Re: RBD fio Performance concerns

Mark Nelson <mark.nelson@xxxxxxxxxxx> · Thu, 22 Nov 2012 08:34:29 -0600

On 11/22/2012 04:49 AM, Sébastien Han wrote:
@Alexandre: cool!

@ Stefan: Full SSD cluster and 10G switches? Couple of weeks ago I saw
that you use journal aio, did you notice performance improvement with it?

@Mark Kampe

 > If I read the above correctly, your random operations are 4K and your
 > sequential operations are 4M.

As you recommend. (see below what you previously said):

 > If you want to do sequential I/O, you should do it buffered
 > (so that the writes can be aggregated) or with a 4M block size
 > (very efficient and avoiding object serialization).

 > The block-size difference makes the random and sequential
 > results incomparable.

Ok let's do it again then (short output that fits on a screen), with a
single OSD and 4K blocks:

seq-read: (g=0): rw=read, bs=4K-4K/4K-4K, ioengine=libaio, iodepth=42
rand-read: (g=1): rw=randread, bs=4K-4K/4K-4K, ioengine=libaio, iodepth=42
seq-write: (g=2): rw=write, bs=4K-4K/4K-4K, ioengine=libaio, iodepth=42
rand-write: (g=3): rw=randwrite, bs=4K-4K/4K-4K, ioengine=libaio, iodepth=42

seq-read: (groupid=0, jobs=1): err= 0: pid=7542
   read : io=912716KB, bw=15210KB/s, iops=3802 , runt= 60009msec
rand-read: (groupid=1, jobs=1): err= 0: pid=7546
   read : io=980504KB, bw=16339KB/s, iops=4084 , runt= 60009msec
seq-write: (groupid=2, jobs=1): err= 0: pid=7547
   write: io=54216KB, bw=922718 B/s, iops=225 , runt= 60167msec
rand-write: (groupid=3, jobs=1): err= 0: pid=7557
   write: io=66116KB, bw=1098.5KB/s, iops=274 , runt= 60192msec

Sequentials and random operations are getting closer to each others, but
random operations remain higher.

 > the more data you send me, the longer it takes me to find
 > time to review your results.  If you send me a message that
 > fits on a single screen, I will try to answer it immediately.

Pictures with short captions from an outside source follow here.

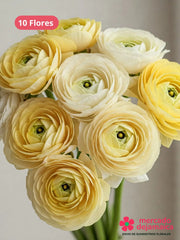 Ranunculus Mantequilla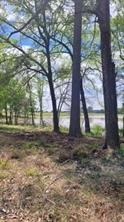 Lot 54 White Oak Creek Ranch - Photo 2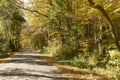 Autumn Foliage in Vermont Royalty Free Stock Photo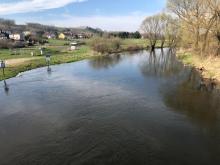 Rzeka Drwęca w miejscowości Kurzętnik, 13.04.2023 r. Fot. Dariusz Witkowski | IMGW-PIB
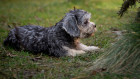 Dandie Dinmont teriér, štěně. Foto: Shutterstock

I just don't want to miss any information that you may find useful.

@ Mark Nelson

See below the new blkparse trace with 4K block for all operations:

Inline image 1

Thanks for doing this!  Unfortunately it's only showing writes so we 
don't know what read behavior looks like in these graphs.  That might be 
important.  Also, do you know approximately how the tests line up with 
timestamps on the seekwatcher results?  Seekwatcher only seems to be 
going for 228 seconds, but the 4 tests should be lasting 240+ seconds?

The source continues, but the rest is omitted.